> [TASK TO COMPLETE] Leaving the pictures aside, repeat every line below exactly.

> [PROVIDED MATERIAL]

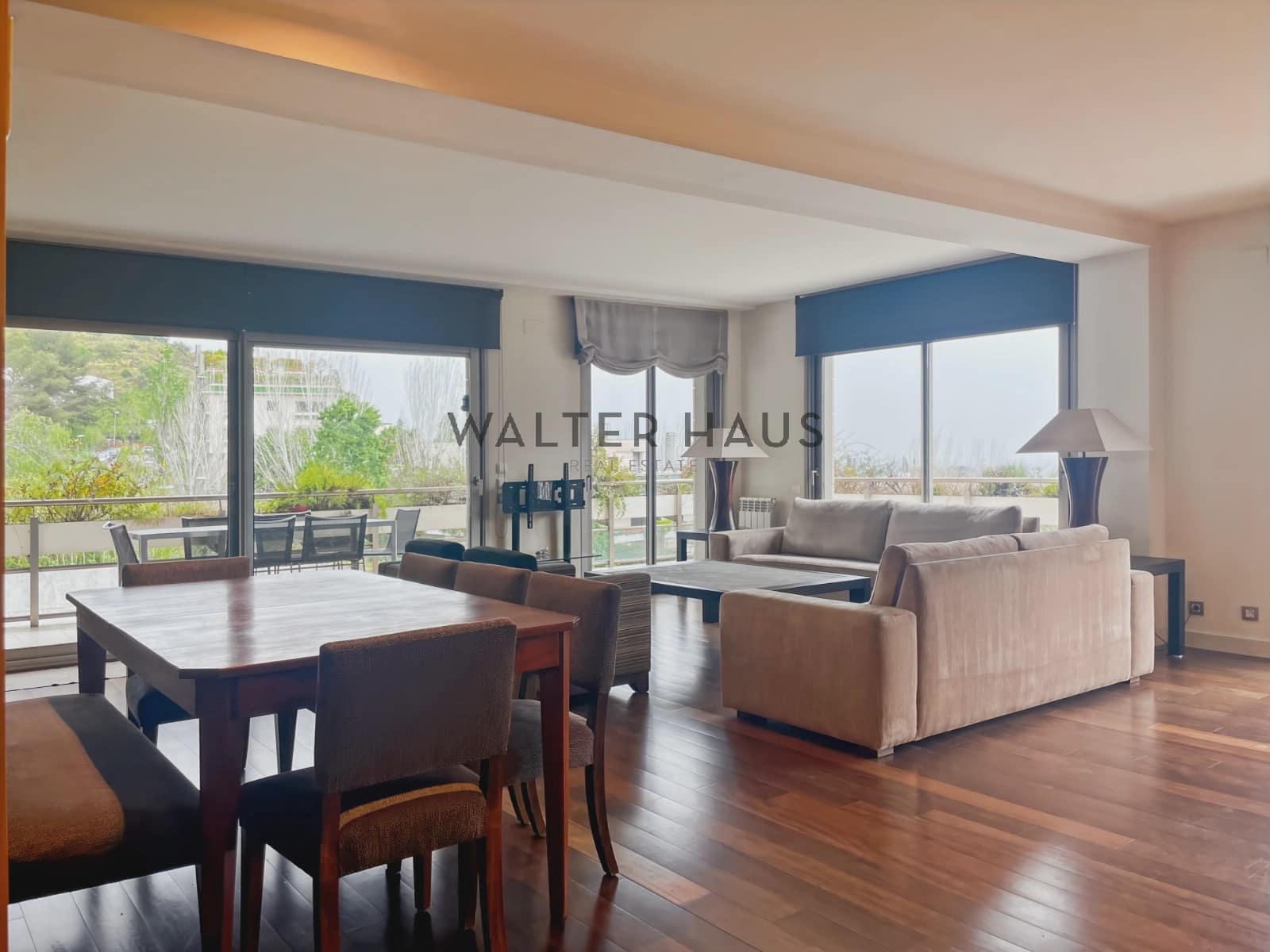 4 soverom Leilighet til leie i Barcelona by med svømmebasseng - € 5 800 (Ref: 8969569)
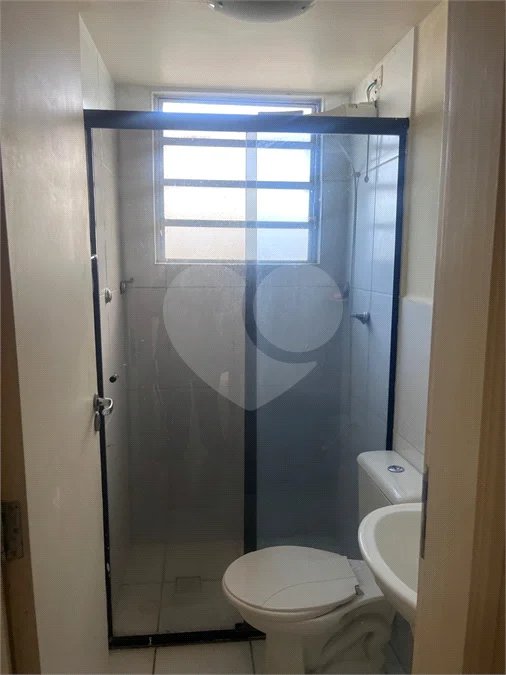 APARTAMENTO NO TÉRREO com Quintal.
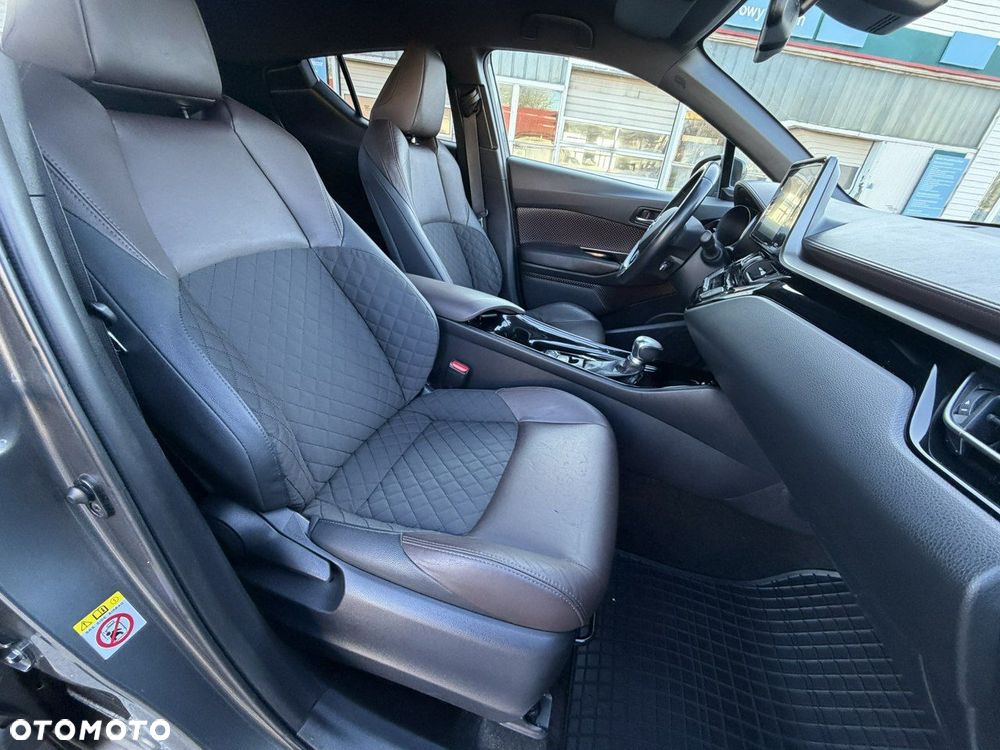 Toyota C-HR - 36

> [ANSWER TO THE PROBLEM]
 4 soverom Leilighet til leie i Barcelona by med svømmebasseng - € 5 800 (Ref: 8969569)
 APARTAMENTO NO TÉRREO com Quintal.
 Toyota C-HR - 36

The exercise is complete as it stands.